Chronique littérature – Après l’avènement de la religion monothéiste et de la civilisation occidentale, les sociétés africaines ont connu beaucoup de mutations tant sur le plan économique, politique et social. Les conditions sociales des uns et des autres prennent une autre dimension. Ainsi, les femmes décident de briser le silence en s’engageant dans la politique, dans les association, ou via l’écriture, etc. De ce fait, elles se racontent, parlent et véhiculent des images à travers leurs écritures.
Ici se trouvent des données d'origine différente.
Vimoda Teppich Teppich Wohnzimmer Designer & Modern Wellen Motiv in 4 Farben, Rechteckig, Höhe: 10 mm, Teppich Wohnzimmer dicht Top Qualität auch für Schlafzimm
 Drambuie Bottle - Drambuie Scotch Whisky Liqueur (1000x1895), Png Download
Si certaines sont pour l’égalité et l’émancipation, tel n’est pas le cas chez d’autres. Pour mieux élucider cela, nous allons nous intéresser à une œuvre contemporaine de la littérature malienne écrite par une femme. Il s’agit d’Une femme presque parfaite de Oumou Ahmar Traoré, publiée en 2017 [éd. La Sahélienne, Bamako]. Cette étude imagologique nous permettra de faire la peinture de la femme moderne. Il s’agira alors de donner à voir les différentes casquettes que peut arborer la femme d’aujourd’hui, et principalement, mettre en évidence l’équilibre parfois fragile sur lequel reposent vie de famille et ambition professionnelle.
Partisane de l’équité et de l’égalité
L’émancipation, selon le dictionnaire électronique Robert, est l’action de s’affranchir d’une autorité, de servitudes ou de préjugés. Ce sujet est beaucoup abordé aujourd’hui surtout quand il s’agit de la femme africaine. Cela se manifeste par une femme qui travaille avec amour, courage et abnégation tel le cas de Yaghâré. Dans son roman Une femme presque parfaite, Oumou Ahmar Traoré met l’accent sur une femme travailleuse, engagée et ponctuelle. Son personnage principal Yaghâré est « présente parmi les premiers au service, elle était aussi parmi les derniers à en partir ». Sa seule devise est de « travailler, encore et toujours, avec âpreté et opiniâtré, tel semblait être son unique crédo. » (p.11)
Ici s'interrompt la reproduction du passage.